A question arose as to whether the need to disclose secret profits to shareholders pursuant to Regal (Hastings) Ltd. v Gulliver  2 AC 134 is redundant in light of s.131(1) of the Companies Act 1965 (“CA 1965“). First of all, s.131(1) of the Companies Act 1965 concerns with disclosure to directors whereas Regal (Hastings) Ltd. v Gulliver concerns with disclosure to shareholders, and there is a very good reason to it.

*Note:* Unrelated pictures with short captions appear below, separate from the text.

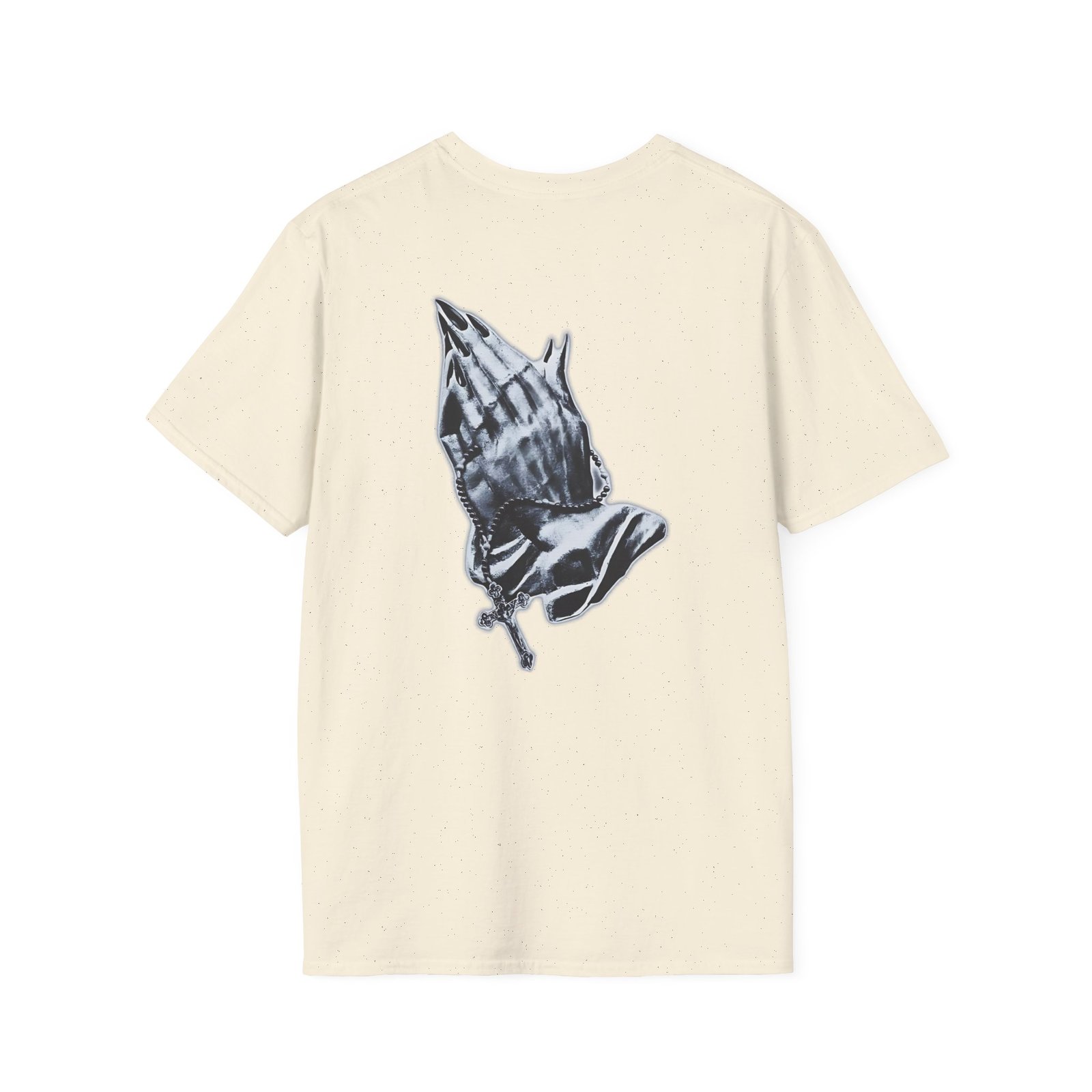 Leo Skepi Merch Unisex Softstyle Tee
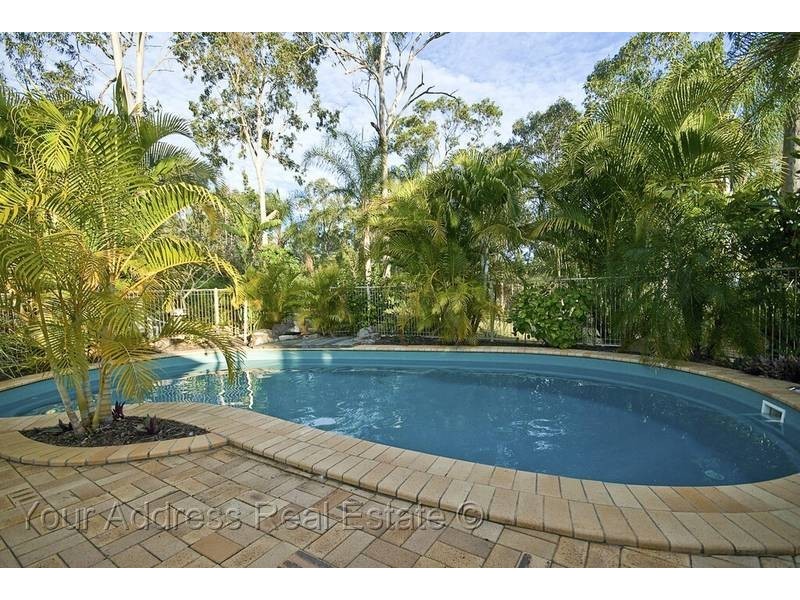 48 Jabiru Avenue, Greenbank QLD 4124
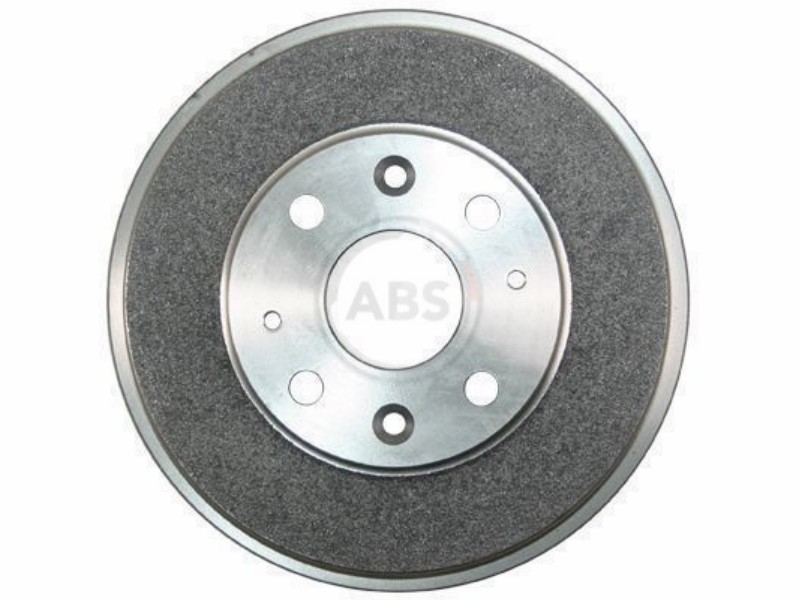 Tamburo Freno 323/Demio/MX3/Protege (89-04)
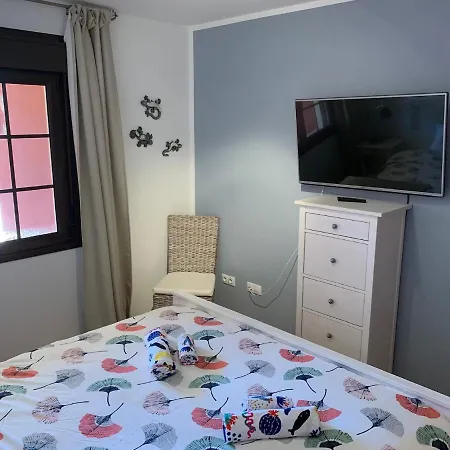 Lägenhet Casa Achille *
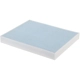 Purchase Top-Quality BOSCH - 6085C - Cabin Air Filter pa2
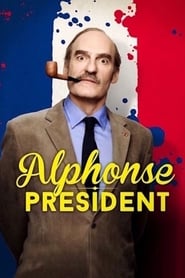 President Alphonse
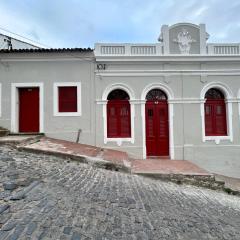 Carnaval no Sítio Histórico de Olinda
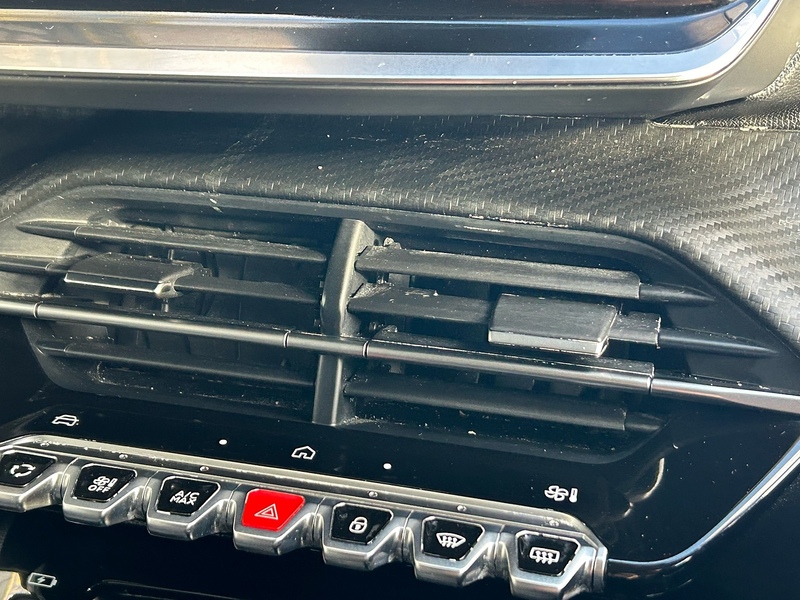 Peugeot 1.2 PureTech Allure Hatchback 5dr Petrol Manual Euro 6 (s/s) (100 ps)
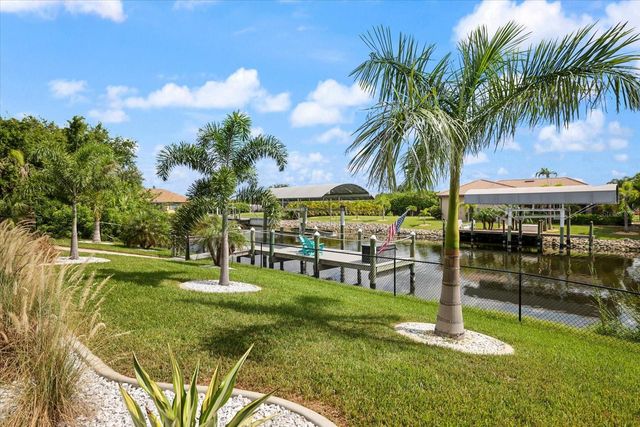 9294 PANAMA CIRCLE, Port Charlotte, FL 33981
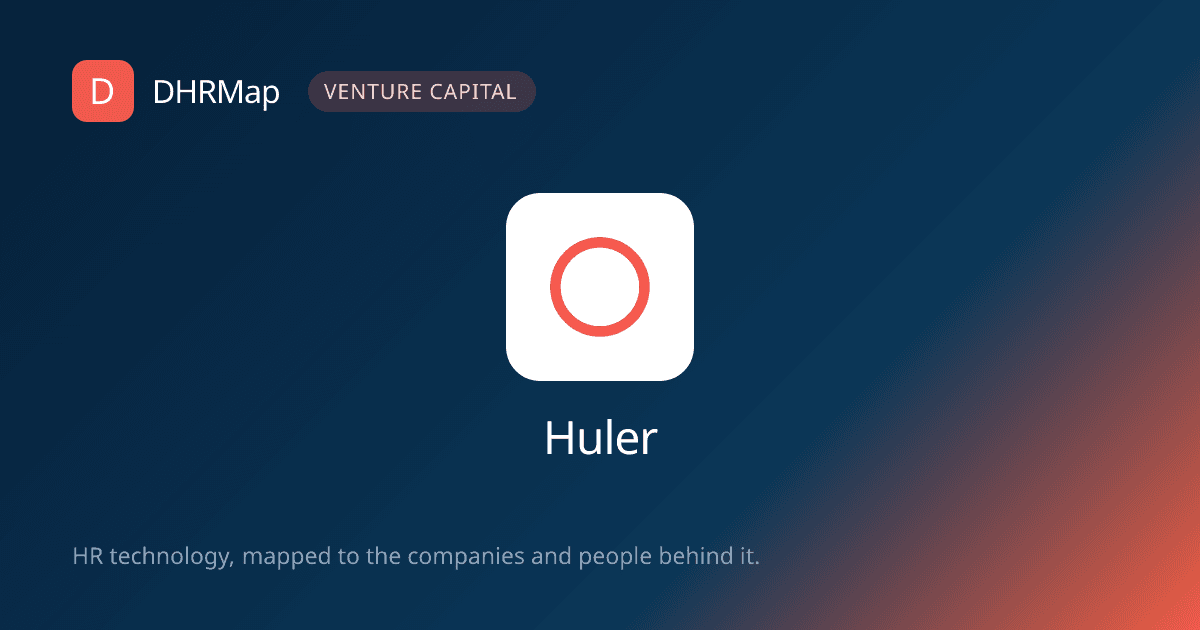 Huler Gains Additional £1.5 Million Investment from MEIF and Mercia Ventures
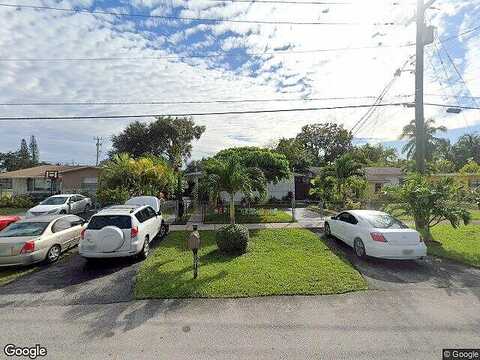 21St, WEST PARK, FL 33023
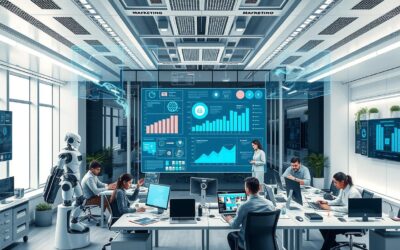 The Complete Guide to Leveraging AI in Marketing: Strategies for 2024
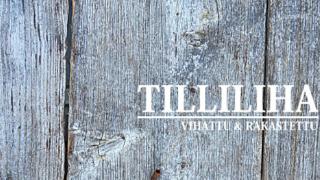 Tilliliha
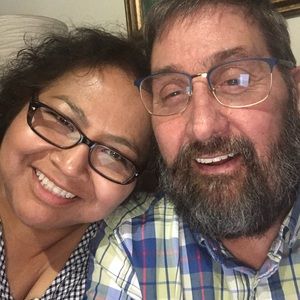 Meet your Posher, Lucy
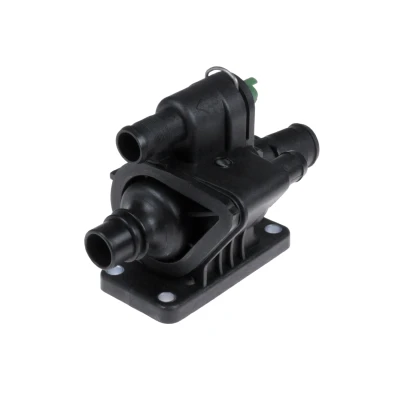 Imagen de BLUE PRINT ADM59219 Caja del termostato con junta, sensor de temperatura refrigerante PEUGEOT: 307 Hatchback, 206 207 Hatchback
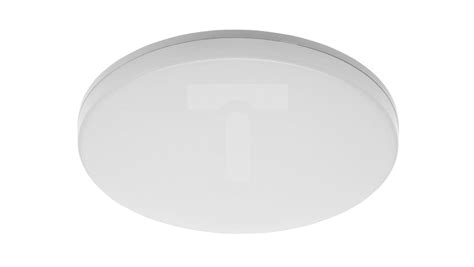 Plafoniera Besa Led 24w 2400lm 175 250vac Ra80 Ip54 Pcpc Ik10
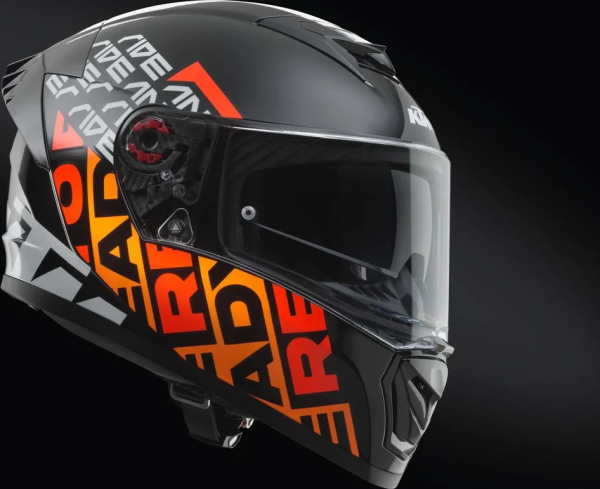 BREAKER EVO HELMET, 3, nordicamoto.ro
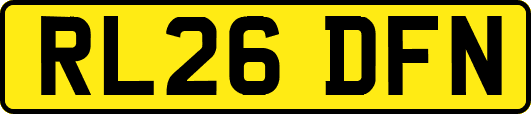 RL26DFN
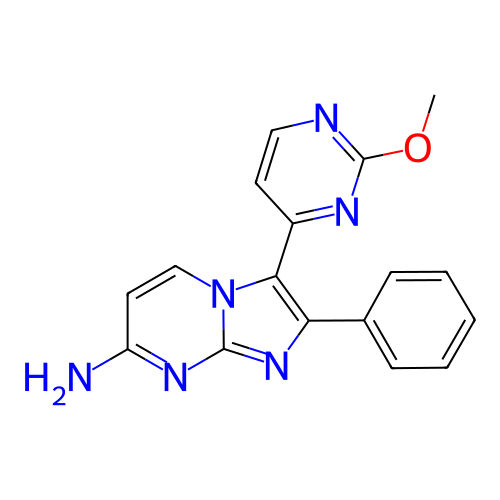 Chemical structure of BindingDB Monomer ID 50122999
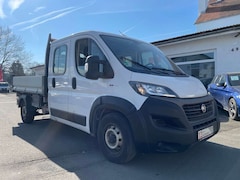 Bild des Angebotes Fiat Ducato 140 L4 Kipper RS: 4035 mm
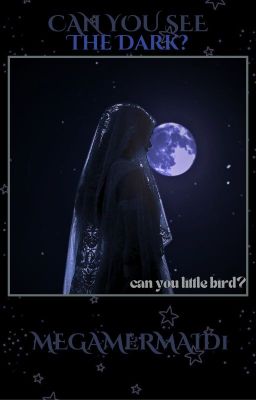 Can you see the Dark? -YJ/PJO cover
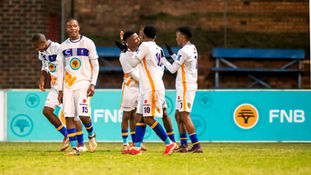 Wits aiming to dazzle in Varsity Football under the leadership of Kgwadi Molepo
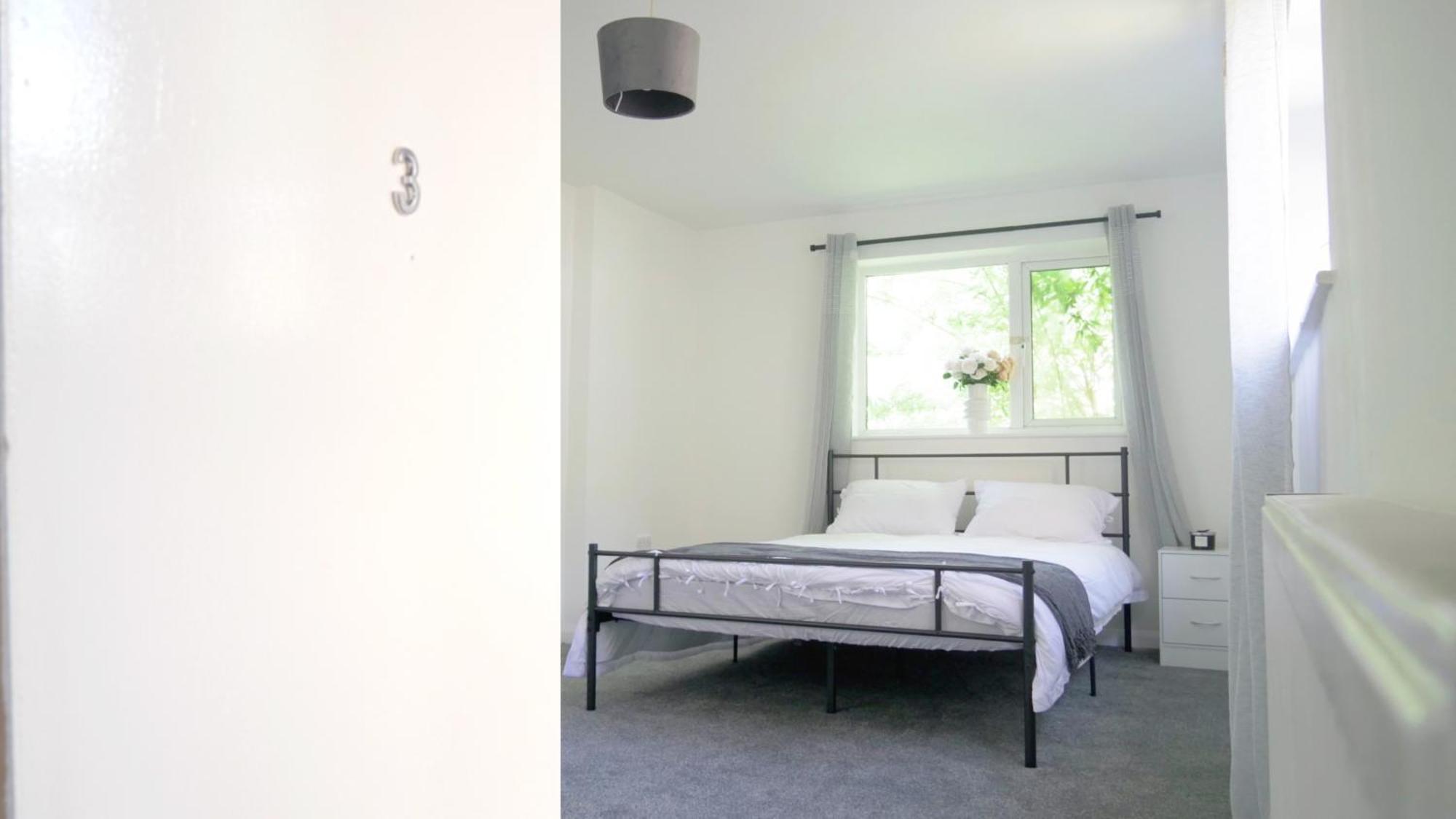 ليمينغتون Cosy & Modern 1 Bed Studio Apart-Hotel المظهر الخارجي الصورة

The rule of relevance here is the rule of equity which insists on anyone who makes a profit through a fiduciary position (such as a director) to account for that profit towards the company ( Regal (Hastings) Ltd. v Gulliver). In other words, he is regarded as constructive trustee of that profit (Class 1 Constructive Trustee so to speak, see J J Harrison (Properties) Ltd v Harrison  EWCA Civ 1467 at para. 29 and Panweld Trading Pte Ltd v Yong Kheng Leong and others (Loh Yong Lim, third party)  2 SLR 672). Lord Russell, in Regal (Hastings) Ltd. v Gulliver, stated that if the directors wish to protect themselves, they could seek approval by resolution of the company’s shareholders.
As a Class 1 Constructive Trustee, the directors can be regarded as proper trustees as opposed to Class 2 Constructive Trustees, who are only personally liable to account as if they are constructive trustees.
Like any trustees, they are are to comply with the unanimous direction of all the beneficiaries as to how the trust property is to be dealt with (Saunders v Vautier (1841) EWHC Ch J82). In the case of secret profits, the only beneficiary here is the company (not the shareholders), as such ordinary resolution will do to waive the company’s entitlement to the secret profit.
As such, a director’s obligation pursuant to Regal (Hastings) Ltd. v Gulliver cannot be regarded as the same as per s. 131(1) CA 1965. S. 131(1) CA 1965 which imposes a separate obligation on directors to disclose their direct or indirect interest in a contract or a proposed contract to the board of directors. Otherwise, it will mean that co-trustees can waive a beneficiary’s entitlement to the secret profit. In fact, it could amount to willful default on the part of these directors, thus could not avail themselves of the protection of s. 35(1) of the Trustee Act 1949.
Thus, it is plausible to imagine that even if a director has duly disclosed the profit he stood to gain from a transaction to the other directors, he will still be liable to account for these profits if he failed to obtain the approval by ordinary resolution of the shareholders.
Note: This article is not intended to be relied upon as a legal opinion. Readers are advised to consult their solicitors for any advice or opinion.